Targeting of replicating CD133 and OCT4/SOX2 expressing glioma stem cells selects a cell population that reinitiates tumors upon release of therapeutic pressure


Guerra-Rebollo, M.; Garrido, C.; Sánchez-Cid, L.; Soler-Botija, C.; Meca-Cortés, O.; Rubio N, Blanco, J.


The existence of radio- and chemotherapy-surviving cancer stem cells is currently believed to explain the inefficacy of anti-glioblastoma (GBM) therapies. The aim of this study was to determine if a therapeutic strategy specifically targeting GBM stem cells (GSC) would completely eradicate a GBM tumor.

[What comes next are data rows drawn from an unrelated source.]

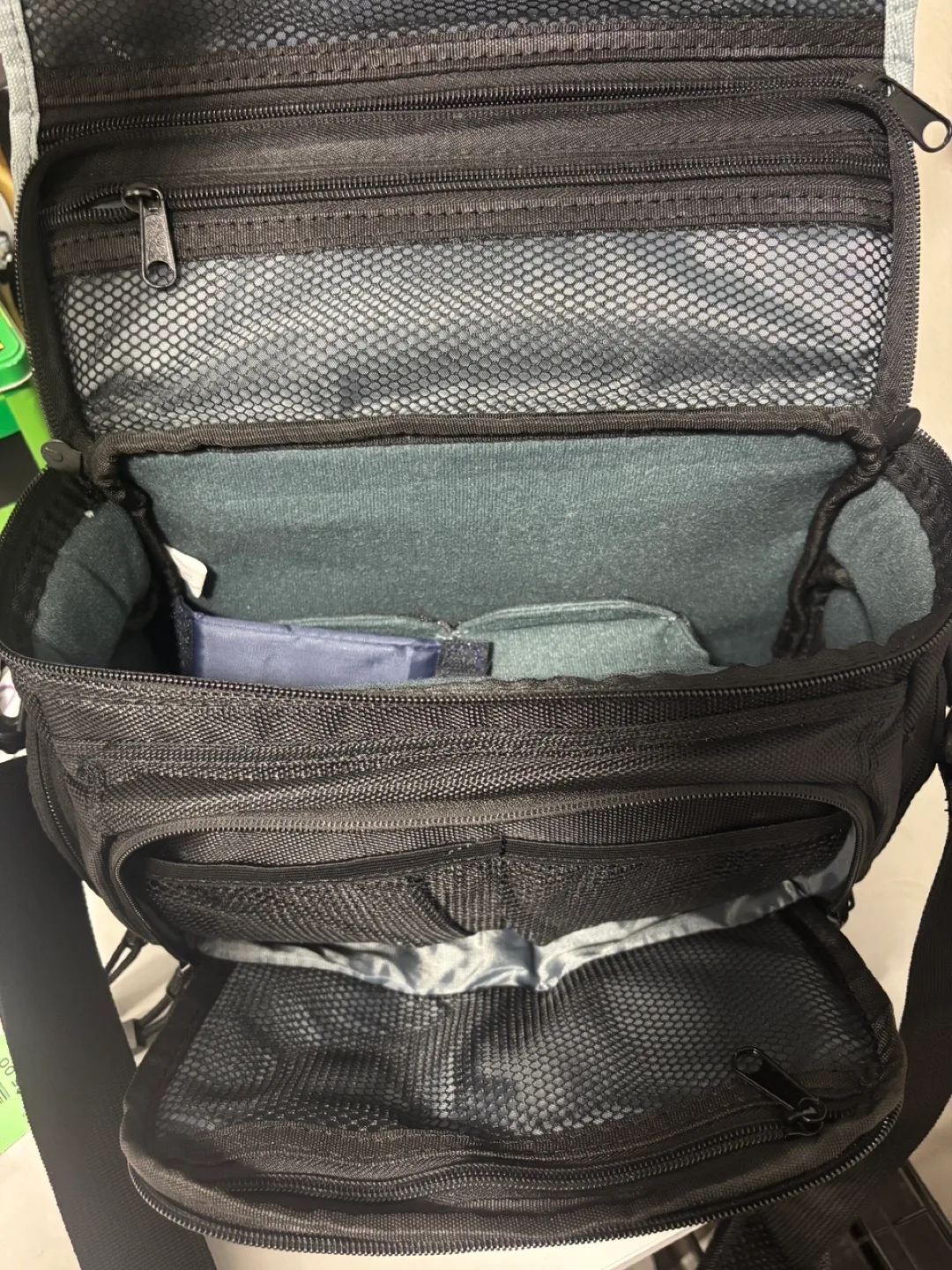 Nikon Camera Bag image indicator(2)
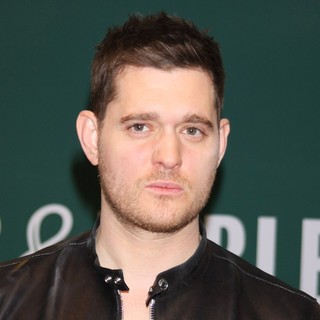 Michael Buble Signs Copies of His Album To Be Loved - michael-buble-signs-copies-album-to-be-loved-01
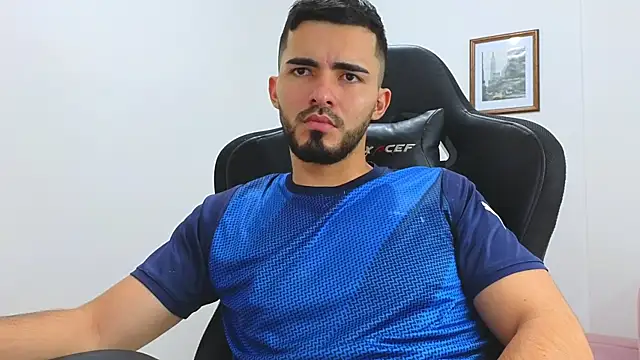 Snapshot of Massimoo_07 chatting on January 24, 12:31 am Massimoo 07 online show from January 24, 12:31 am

In both the in vitro and the in vivo models, ganciclovir therapy targeting proliferating GSC promotes the survival of a quiescent, stem-like cell pool capable of reproducing the tumor upon release of the therapeutic pressure. Images of small niches of therapy-surviving tumor cells show organized networks of vascular-like structures formed by tumor cells expressing CD133 or OCT4/SOX2. These results prompted the investigation of tumor cells differentiated to endothelial and pericytic lineages as a potential reservoir of tumor-initiating capacity. Isolated tumor cells with pericyte and endothelial cell lineage characteristics, grown under tumorsphere forming conditions and were able to reproduce tumors after implantation in mice.